Nicholas Dirks, the executive vice president and dean of the Faculty of Arts and Sciences at Columbia since 2004, has been named the next chancellor of the University of California, Berkeley.
This summer, he will leave Morningside Heights to take over the University of California system’s most prestigious institution, located across the bay from San Francisco.
“I’m deeply honored, and humbled, by this opportunity,” says Dirks. “At the same time, I’m going to miss Columbia enormously. I’ve loved this place.”
At UC Berkeley, Dirks faces the formidable task of upholding that institution’s standing as the top-ranked public university in the US while keeping it accessible to low- and middle-income California residents. State funding for the University of California system has dwindled in recent years, which has led to tuition hikes and a shift toward enrolling more out-of-state students. In response, students have staged large protests at several campuses, including UC Berkeley’s.
“The necessity to relate well with students and other stakeholders at UC Berkeley is especially relevant given the campus’ storied history of political activism,” wrote the editors of the Daily Californian, Cal’s independent student newspaper, in a recent editorial. “Everything we know about Dirks so far suggests that he is up to the task.”

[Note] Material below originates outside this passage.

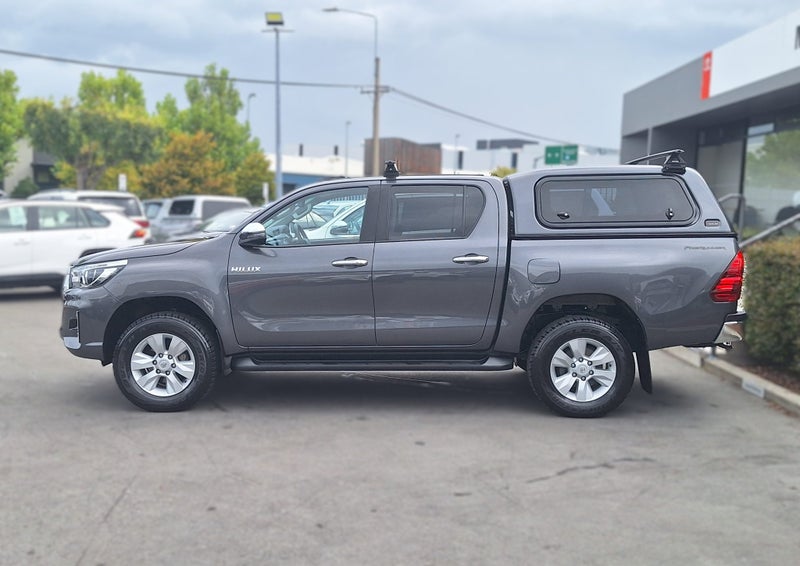 2020 Toyota Hilux SR5 2.8 6 Speed Auto 2WD image 4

Dirks, who is known at Columbia as a warm and approachable figure, was recruited here to chair the anthropology department in 1997. He rebuilt the department, complementing its traditional strength in archaeology with a new focus on social, cultural, and historical studies. An expert on South Asia and the effects of British colonialism, Dirks also made the department more international, hiring many professors from parts of the world that have “typically been the objects, rather than the subjects, of anthropological inquiry,” as he once said.

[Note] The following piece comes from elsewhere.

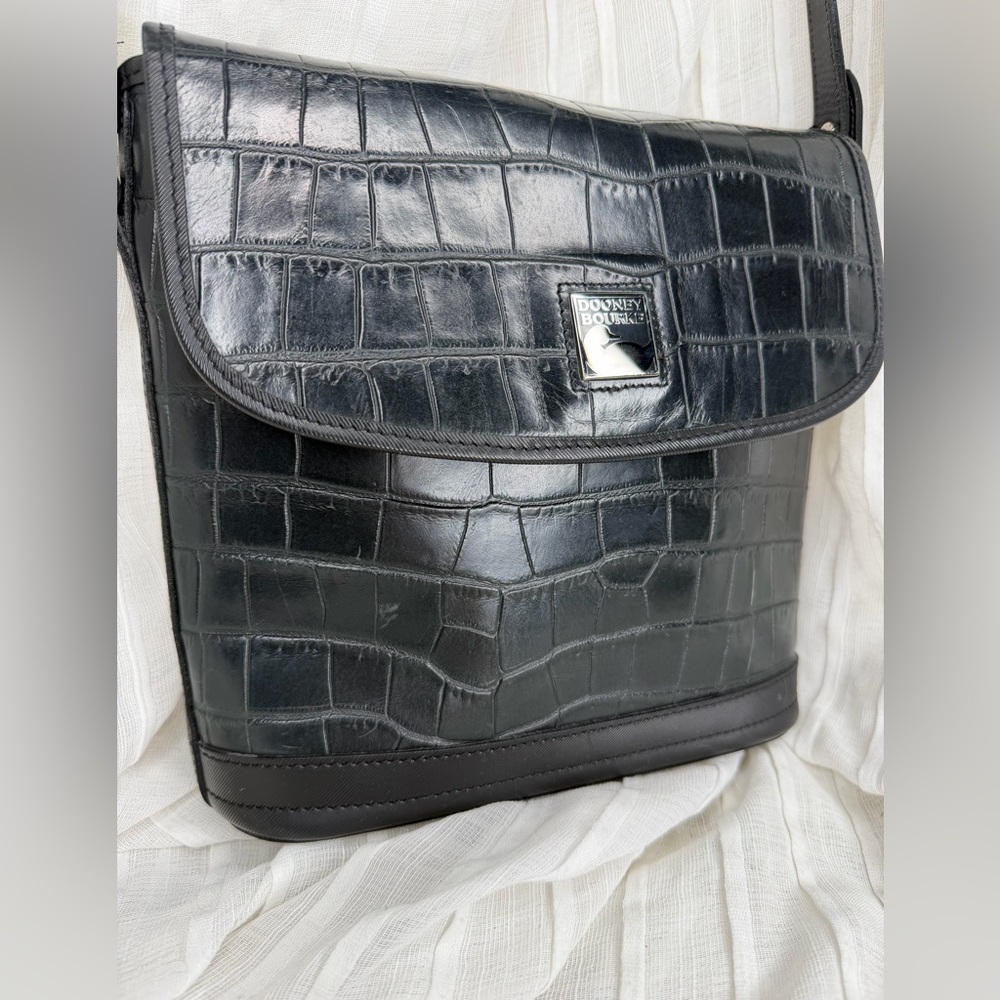 Dooney & Bourke Vintage Bayou Collection Croc Embossed Large Flap Bag • Black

As executive vice president of Arts and Sciences, a position in which Dirks has overseen the operation of six schools — Columbia College, the School of General Studies, the School of International and Public Affairs, the School of the Arts, the School of Continuing Education, and the Graduate School of Arts and Sciences — he implemented changes that have brought more coordination to budgetary and hiring decisions.
“Nick was centrally important to sustaining and improving our academic excellence, building and expanding interdisciplinary programs, improving our capacity to be a diverse community, expanding our sources of revenue, and all the while being a friend of us all,” wrote President Lee C. Bollinger in a statement on November 8. “While we will miss Nick deeply and are extremely grateful for all he has done for Columbia, we also take great pride in his appointment.”